On the Development of Mg Sheets with Improved Formability by Applying Additional Shear Strain during Processing

Abstract

Reducing vehicle weight and emissions by lightweight design is a major goal of the automotive industry. Magnesium as the lightest structural metal offers a significant weight saving potential compared to steel and aluminum. However, the poor formability of magnesium semi-finished products (e.g. sheets) has hindered the massive application of this metal. This poor formability arises due to the formation of strong textures. Typically the basal planes of the HCP-structure align parallel to the sheet plane. Such preferred orientation of the basal planes limits the ability of basal <a> slip to accommodate plastic strain in the sheet plane and is thus unfavourable for ductility and formability of the sheets, especially at room temperature. A combination of new technologies could help to alleviate the strong textures formed in Mg sheets. In this regard the utilization of twin-roll casting (TRC) in combination with processing techniques which apply additional shear strain such as differential speed rolling (DSR) and/or equal channel angular pressing (ECAP) could refine the microstructure and modify the resulting deformation texture.
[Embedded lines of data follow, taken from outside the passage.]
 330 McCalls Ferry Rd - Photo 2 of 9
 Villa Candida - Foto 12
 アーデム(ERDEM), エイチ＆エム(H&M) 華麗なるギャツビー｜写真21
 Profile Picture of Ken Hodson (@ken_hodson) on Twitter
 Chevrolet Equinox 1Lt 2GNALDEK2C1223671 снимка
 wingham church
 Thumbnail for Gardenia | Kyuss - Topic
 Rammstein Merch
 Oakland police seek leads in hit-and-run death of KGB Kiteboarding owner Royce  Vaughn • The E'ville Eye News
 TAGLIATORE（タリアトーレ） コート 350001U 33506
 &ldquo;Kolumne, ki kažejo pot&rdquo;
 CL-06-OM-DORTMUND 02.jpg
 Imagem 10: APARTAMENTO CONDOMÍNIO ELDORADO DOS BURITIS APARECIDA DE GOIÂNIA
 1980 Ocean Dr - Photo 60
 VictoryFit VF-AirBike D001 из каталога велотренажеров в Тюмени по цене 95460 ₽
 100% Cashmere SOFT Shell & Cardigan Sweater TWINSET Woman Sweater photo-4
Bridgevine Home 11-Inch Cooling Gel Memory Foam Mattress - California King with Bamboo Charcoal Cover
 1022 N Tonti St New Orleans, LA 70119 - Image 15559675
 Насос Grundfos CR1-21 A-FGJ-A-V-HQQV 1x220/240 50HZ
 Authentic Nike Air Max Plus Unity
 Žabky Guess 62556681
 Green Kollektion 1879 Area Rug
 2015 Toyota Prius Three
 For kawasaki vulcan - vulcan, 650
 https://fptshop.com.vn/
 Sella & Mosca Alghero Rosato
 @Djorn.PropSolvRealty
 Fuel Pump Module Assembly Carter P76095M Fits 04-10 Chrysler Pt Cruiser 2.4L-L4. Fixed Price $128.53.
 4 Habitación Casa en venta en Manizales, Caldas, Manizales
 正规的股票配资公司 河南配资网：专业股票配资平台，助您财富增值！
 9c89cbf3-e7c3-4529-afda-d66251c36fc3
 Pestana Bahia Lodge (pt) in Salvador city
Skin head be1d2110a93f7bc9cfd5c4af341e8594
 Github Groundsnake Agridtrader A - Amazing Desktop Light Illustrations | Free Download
In this study an AZ31 strip (3Al-1Zn-Mg Bal. wt.%) produced by TRC was hot rolled at 400 °C using a rolling speed of 10 m/min. A speed ratio of 10% between rolls was used. Rolled samples with dimensions of 200 x 200 x 1.8 mm receive a single pass of ECAP at 200 °C. After processing the microstructure of the samples were analyzed by means of optical microscopy, electron backscatter diffraction and X-ray diffraction. The results showed that the microstructure can be refined and the texture altered in comparison to conventionally rolled AZ31 sheets. The samples processed by ECAP show an increase in formability up to 50% higher than conventionally rolled sheets. This demonstrates the potential of using shear deformation for processing Mg sheets.